Directions:
Write out the data that follows exactly, keeping every picture out.

☆ ☆ ☆ ☆ ☆ ☆ ☆

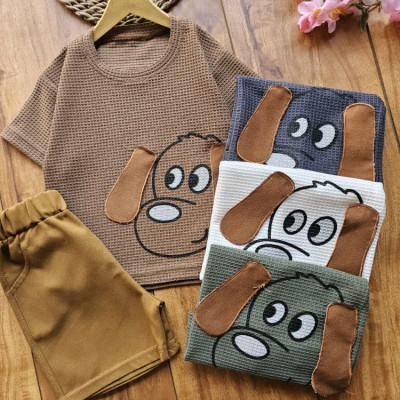 تیشرت بیسکوییتی وشلوارک کتان پسرانه گوش دراز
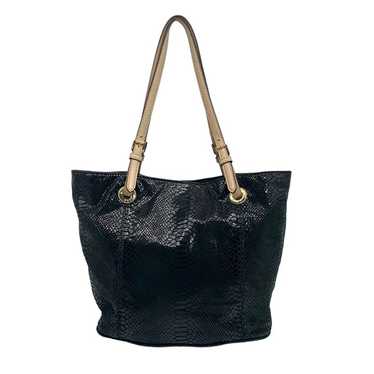 Michael Kors Jet Set Black Embossed Python Tote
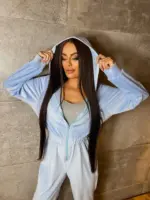 Велюровий комбінезон жіночий блакитний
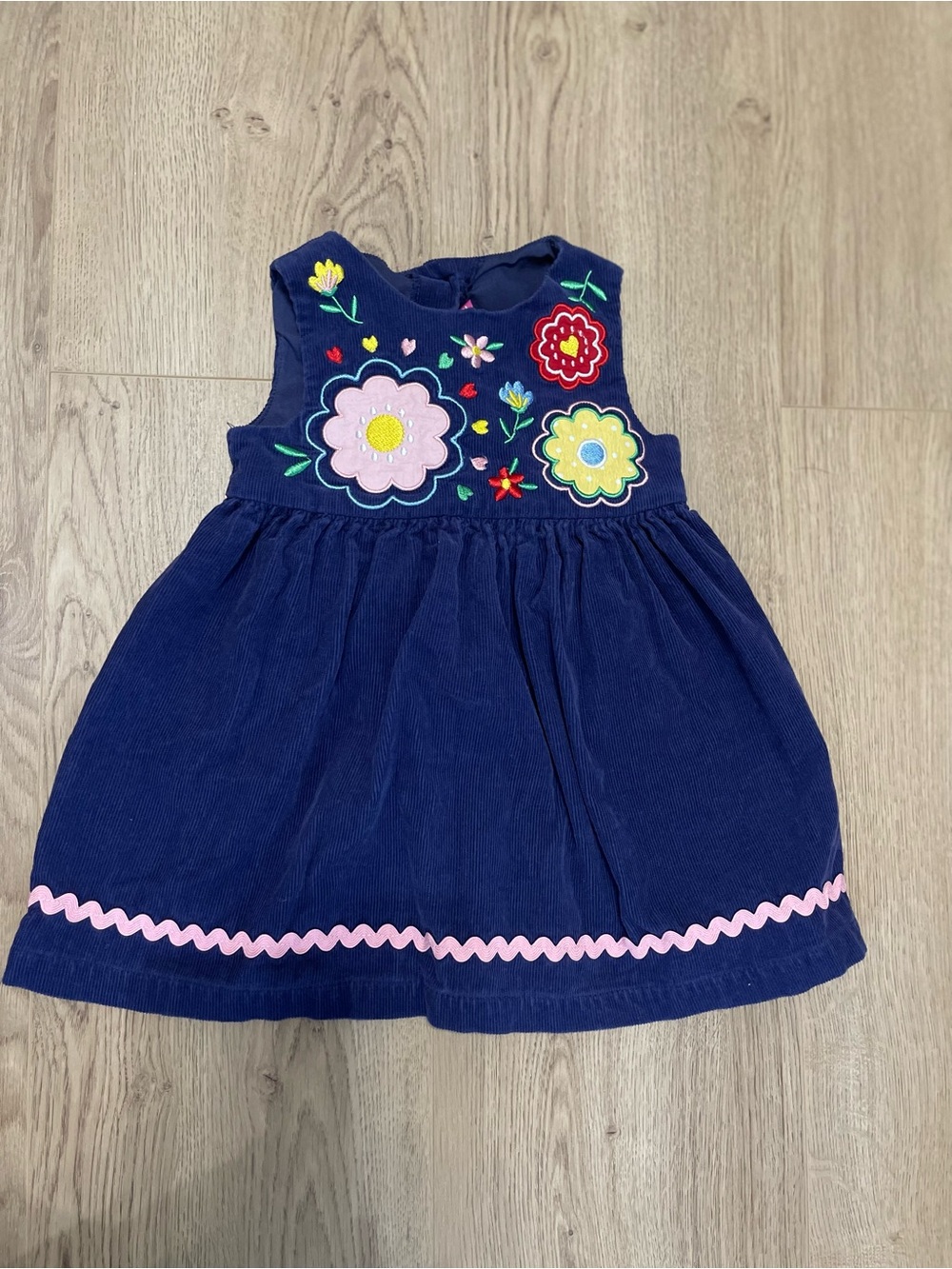 Vintage Girl Good Lad Navy Corduroy Dress w/ Multicolor Floral Appliqués (18 mo)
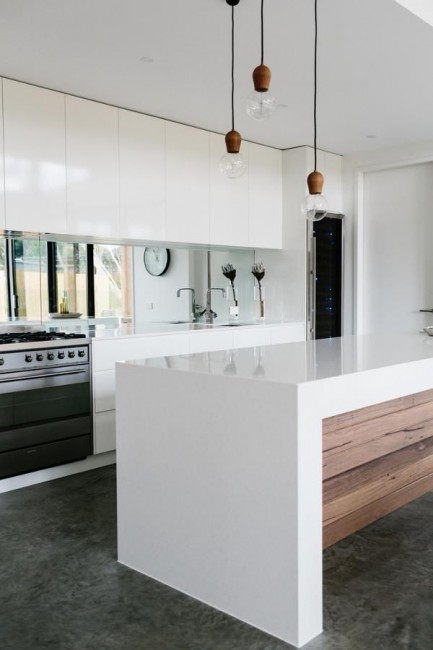 White Kitchen Benchtops - Designed and built by Altereco.net.au - Modern home in Melbourne | designlibrary.com.au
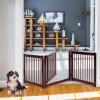 imageGiantex 24 inch Configurable Dog Gate with Door Wooden Dog Gate with Walk Through Door 3 Panels Folding Fence for Stairs Doorways Halls Cherry Brown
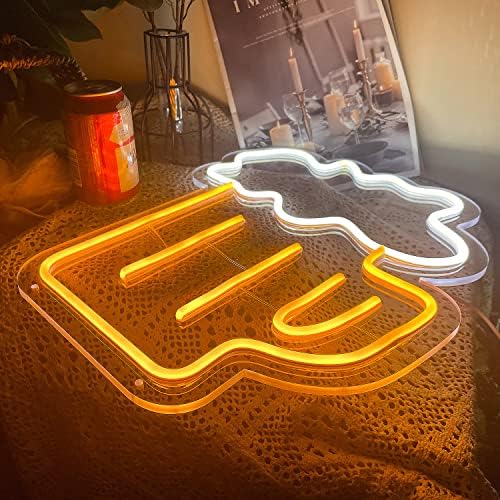 שלט ניאון בצורת בירה פרוטן, שלטי תאורה של ניאון LED לעיצוב קיר המופעל על ידי חוט USB למסעדה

☆ ☆ ☆ ☆ ☆ ☆ ☆

Solution to the exercise:
 تیشرت بیسکوییتی وشلوارک کتان پسرانه گوش دراز
 Michael Kors Jet Set Black Embossed Python Tote
 Велюровий комбінезон жіночий блакитний
 Vintage Girl Good Lad Navy Corduroy Dress w/ Multicolor Floral Appliqués (18 mo)
 White Kitchen Benchtops - Designed and built by Altereco.net.au - Modern home in Melbourne | designlibrary.com.au
 imageGiantex 24 inch Configurable Dog Gate with Door Wooden Dog Gate with Walk Through Door 3 Panels Folding Fence for Stairs Doorways Halls Cherry Brown
 שלט ניאון בצורת בירה פרוטן, שלטי תאורה של ניאון LED לעיצוב קיר המופעל על ידי חוט USB למסעדה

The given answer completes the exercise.